TASK GOAL
Pictures aside, write out every record exactly as it appears.

EXERCISE INPUTS
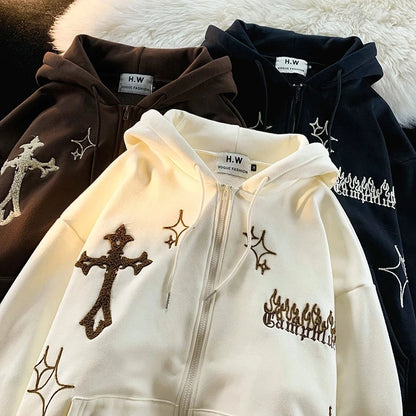 Embroidery Hoodies Street Zip Up Hoodie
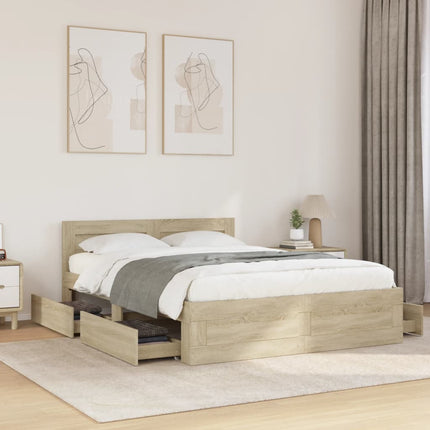 sengeramme med sengegavl 120x190 cm konstrueret træ sonoma-eg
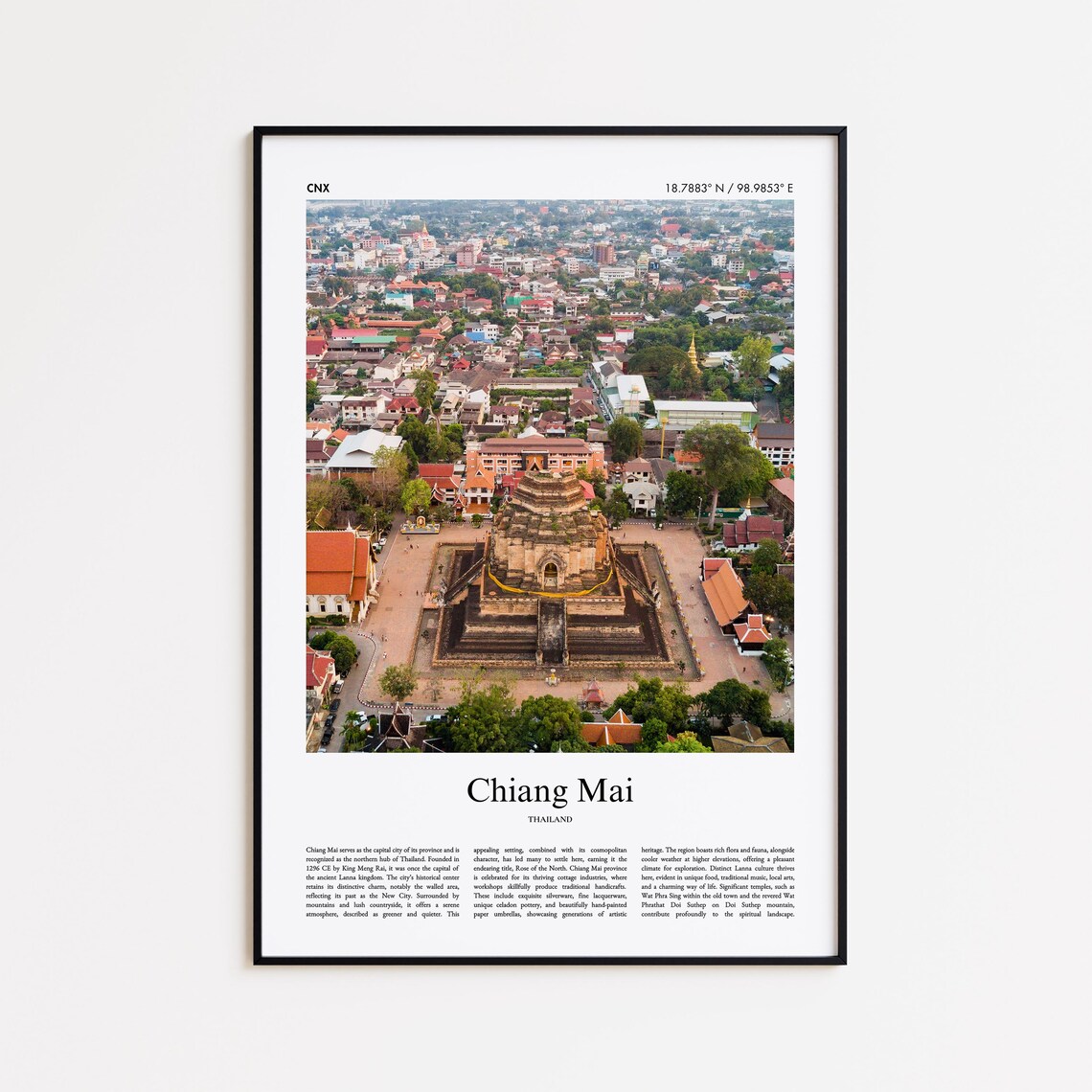 Chiang Mai Thailand Ancient Temple Aerial Old City Color Photo Poster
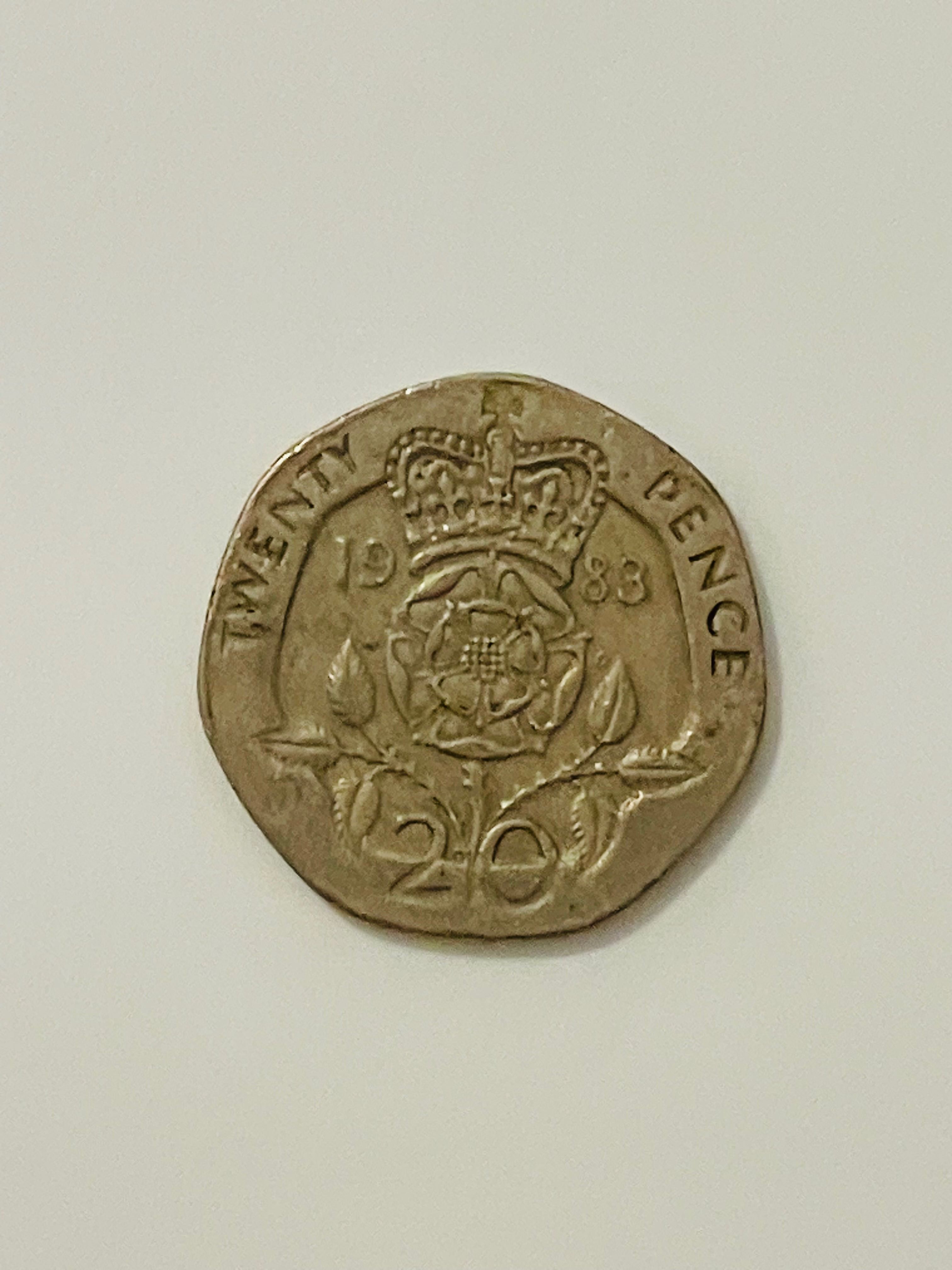 Moeda Rara Reino Unido 20 twenty pence, (1983)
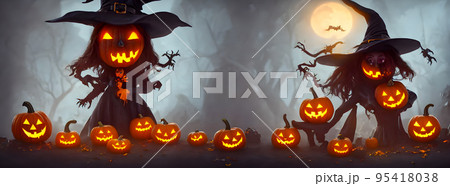 Halloween background. Fantasy cute witch. Abstract concept. 3d 95418038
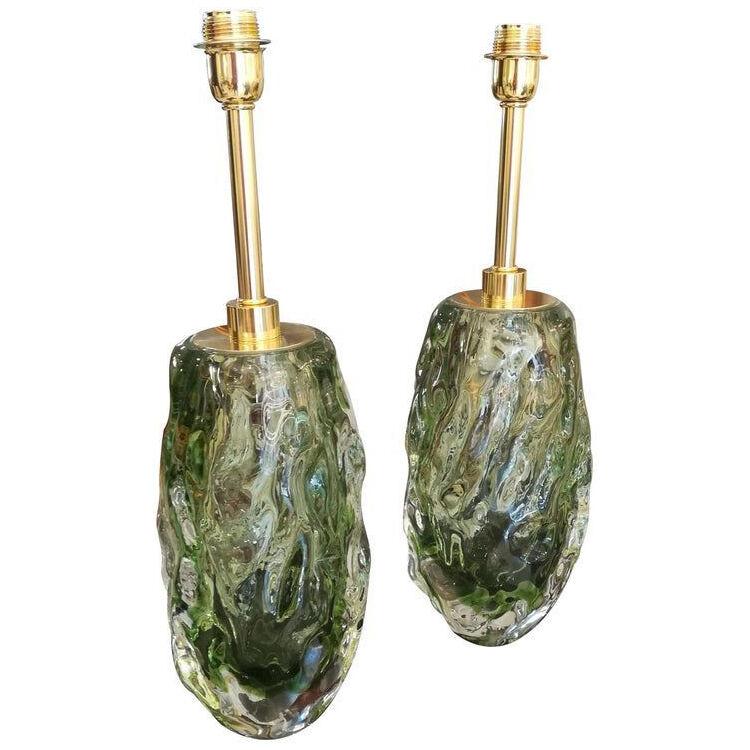 Pair of Italian Table Lamps in Light Green Murano Glass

ANSWER FOR THE TASK
 Embroidery Hoodies Street Zip Up Hoodie
 sengeramme med sengegavl 120x190 cm konstrueret træ sonoma-eg
 Chiang Mai Thailand Ancient Temple Aerial Old City Color Photo Poster
 Moeda Rara Reino Unido 20 twenty pence, (1983)
 Halloween background. Fantasy cute witch. Abstract concept. 3d 95418038
 Pair of Italian Table Lamps in Light Green Murano Glass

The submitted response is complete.